This is a special review for me. First of all, Dusk Peterson, like me, is a self-published author. Second, Dusk has worked hard to publish a quality story, done the footwork necessary to knowing how to self-publish, shared the knowledge gained from that footwork, given stories to beta readers for criticism, polished those stories and polished them again.

I was one of Dusk’s beta readers. Bard of Pain is not the only story by Dusk that I’ve read. A few years back, I also “beta’d” Mystery and Rebirth (The Eternal Dungeon). Dusk has been kind enough to list me as an editor of Bard of Pain before I could in fact claim to be one. I’m honoured to have read these stories, let alone have Dusk consider my opinions of them. I learned from this author. I had surprises while reading, surprises that inspired.
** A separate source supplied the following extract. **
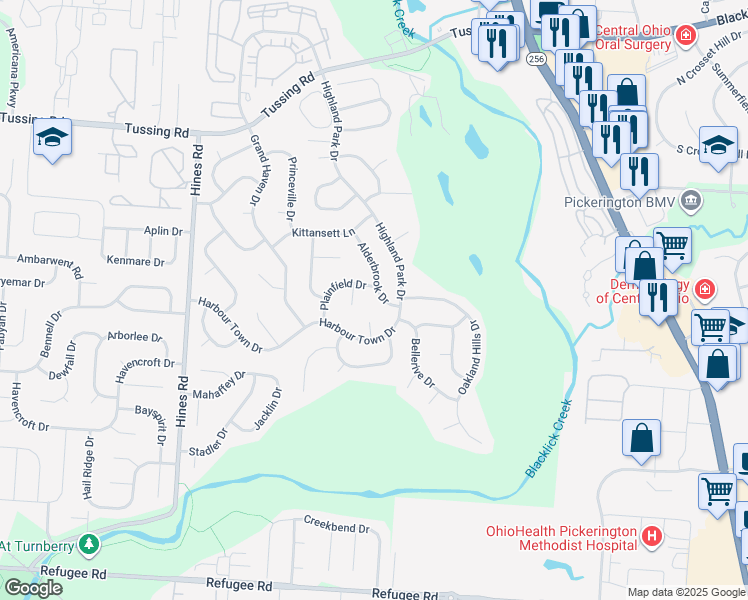 map of restaurants, bars, coffee shops, grocery stores, and more near 3143 Alderbrook Drive in Pickerington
In all three stories, I discovered compelling characters who were confronting problems capable of destroying a human being, sometimes physically, definitely mentally. But there’s something very special about Dusk’s dark fic. Dark, very, but there’s this smidgen of light in every cavern Dusk throws a reader, and the brightness of that light is practically overwhelming by the time you get to the end of the novel, and it is like crawling to the opening of a cavern. It’s like getting a miracle.
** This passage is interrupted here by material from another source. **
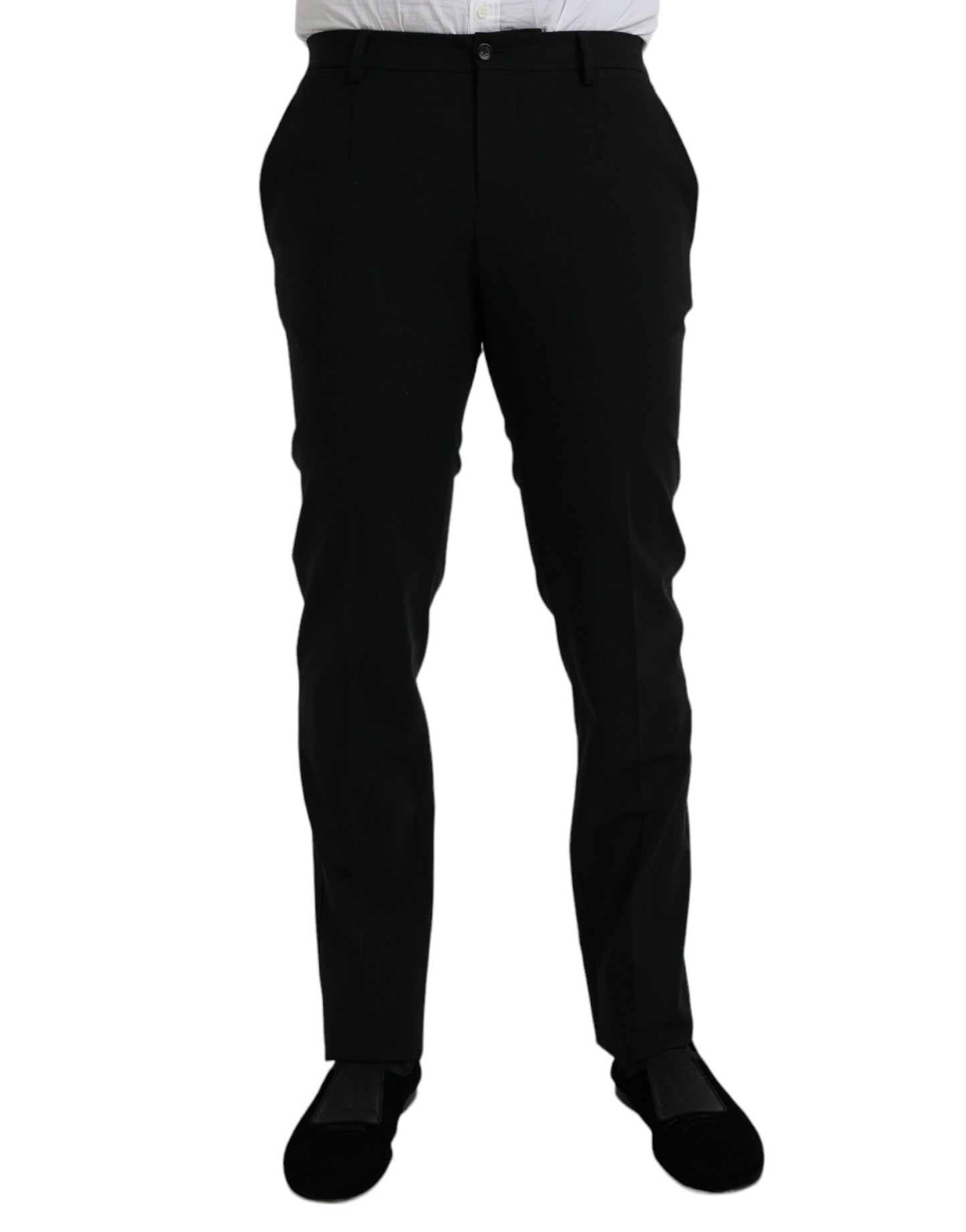 Black Wool Slim Fit Dress Formal Pants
I’m not exaggerating. Follow any of Dusk’s protagonists through a story and you’ll not only glimpse the mind of a troubled being, you’ll see that character’s transformation. You’ll witness a moment of revelation. Sometimes, just like the character, you won’t see the revelation coming. You’ll feel it looming, but you just won’t see it. It’ll be like rocks tumbling out of the way, unveiling that light I spoke of.

Bard of Pain is a story about a young man who seems to exist to torture people. Warfare makes it easier for him to enact his blackest desires. He becomes an officer and serves the Northern Army as a torturer, though extracting information from prisoners is hardly the most satisfying or true reason for which he commits atrocities on another human being.

When you read Bard of Pain, you might find yourself despising the protagonist, but you’ll be fascinated all the same. Surely, he’s going to be damned for all his evil acts. Surely, he’ll get what he deserves.

He does.

Oh, spoiler, right? No, not really. Read the story. Let Dusk throw you in a cavern and tumble some rocks for you. That promised bit of light I mentioned beforehand? It’s well worth chasing.